Frye told trustees that “hopefully there won’t be any fatalities, but you don’t know.”

“I don’t think we’re going to stop this event, so we just have to focus on prevention,” Frye said.

One of the trustees asked Frye for an idea how many potential fatalities could be caused by a surge in coronavirus cases in Tulsa County as a result of the rally.

“Any reason to believe we’ll have no deaths from the spike?” the trustee asked.

“There certainly could be and may be, but it’s difficult to say for certain,” Frye said.

Frye’s comments appeared to be a departure from statements he made Wednesday during a press conference at the state Capitol. Frye, who was appointed by Stitt last month as the state’s new health commissioner, said on Wednesday it was “not my place to say whether I think a rally is a good idea or not.”

Dart called the rally a “big concern” during Thursday’s TPFA meeting and said large indoor gatherings make it “much easier for the virus to transmit.”

Donald Trump appears at a rally in Tulsa in January 2016. Dylan Goforth/THE FRONTIER

”People in enclosed spaces and in close contact are perfect conduits for virus transmission and that’s what a large indoor event is. It will probably happen,” Dart said, referring to a post-rally spike in positive coronavirus cases.

Thornton told trustees that ASM Global had grown increasingly worried about virus transmission and the safety of employees and attendees to Saturday’s rally, and they had requested the Trump campaign asking “to know what their plan is for social distancing.”

Meghan Blood, the director of marketing for the BOK Center, said on Thursday in an email that the Trump campaign had agreed to temperature-check attendees and provide each attendee with a mask and hand sanitizer upon entering the building.

But a full plan has not been released by the Trump campaign, and Thornton said during the meeting it’s unlikely for it to be possible for there to be social distancing if, as city, state and Trump officials have requested, the rally be held at full capacity.

Trump’s campaign told ASM Global it would have 60,000 masks available for attendees, and would provide 90,000 personal hand sanitizers to people entering the BOK Center.
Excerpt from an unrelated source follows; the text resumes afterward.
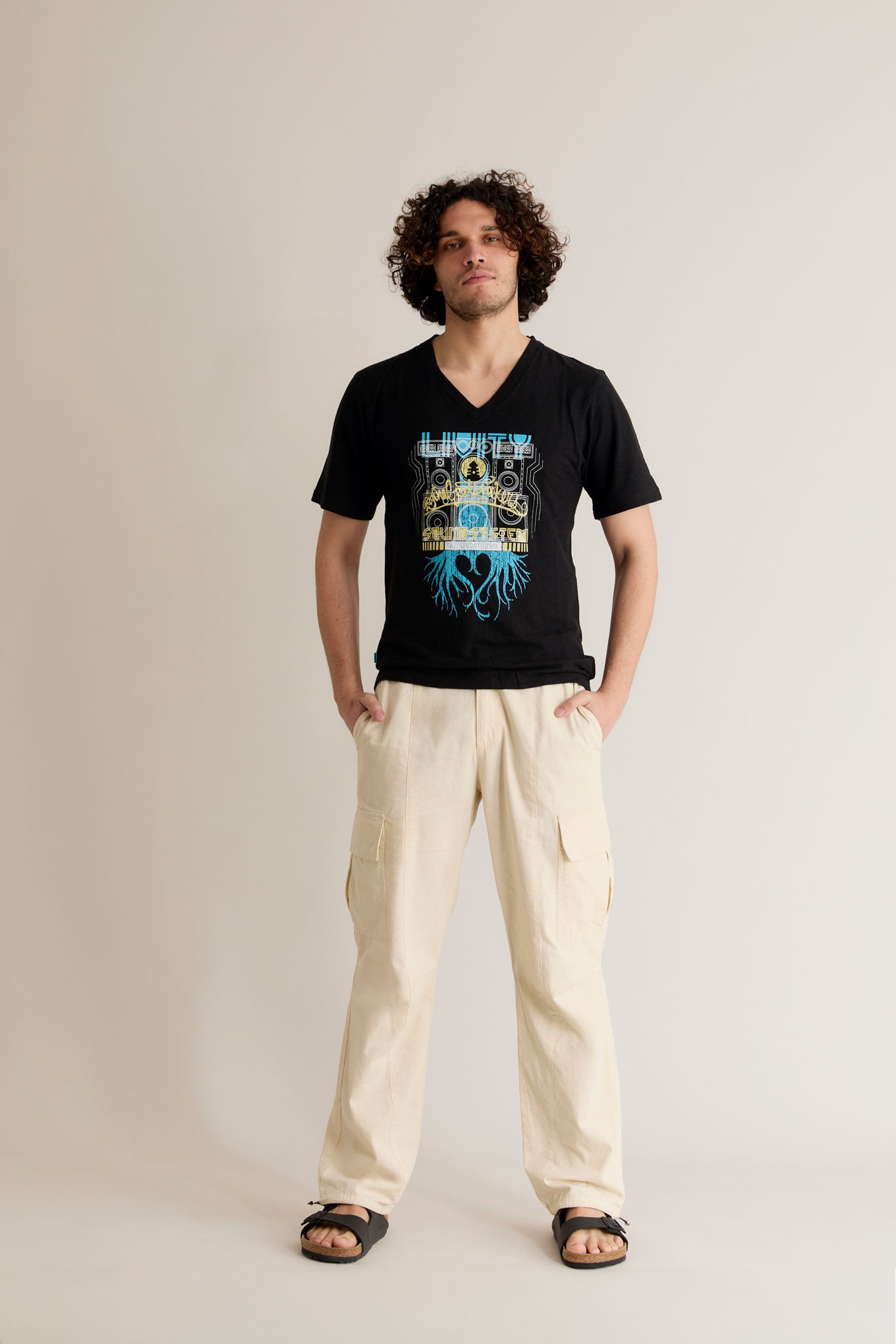 ROOTS ROCKERS - Hemp V-Nack Tee by LIVITY Black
“Regardless of all that, we are requesting they provide us with a more definitive plan on the health and safety of the patrons who are coming in,” Thornton said.

He said the BOK Center was providing 9,500 masks for staff members on Saturday, and had “677 gallons of disinfectant, 185 gallons of bathroom disinfectant,” and hundreds of hand sanitizer stations located throughout the arena.

Thornton also said they had offered employees the option to skip Saturday’s event if they didn’t feel safe or if they were in an age group more vulnerable to the coronavirus. “About 50 percent” of the employees decided to take Saturday off, Sparks said. She said ushers and ticket staff employees tend to be an older population, and that only two of about 150 of employees they considered to be in a vulnerable age group agreed to work Saturday.

Thornton said they had brought in additional employees from an outside company to help fill staffing levels.

However, many of the employees at the BOK Center are considered part-time employees, he said, and therefore do not have health insurance through work that would cover them if they were infected with the coronavirus during the rally.

Thornton said he “made it clear to the campaign” they needed a $460,000 payment for the rally up front, and have already been paid in full.

Frontier staff writers Clifton Adcock and Kassie McClung contributed to this story.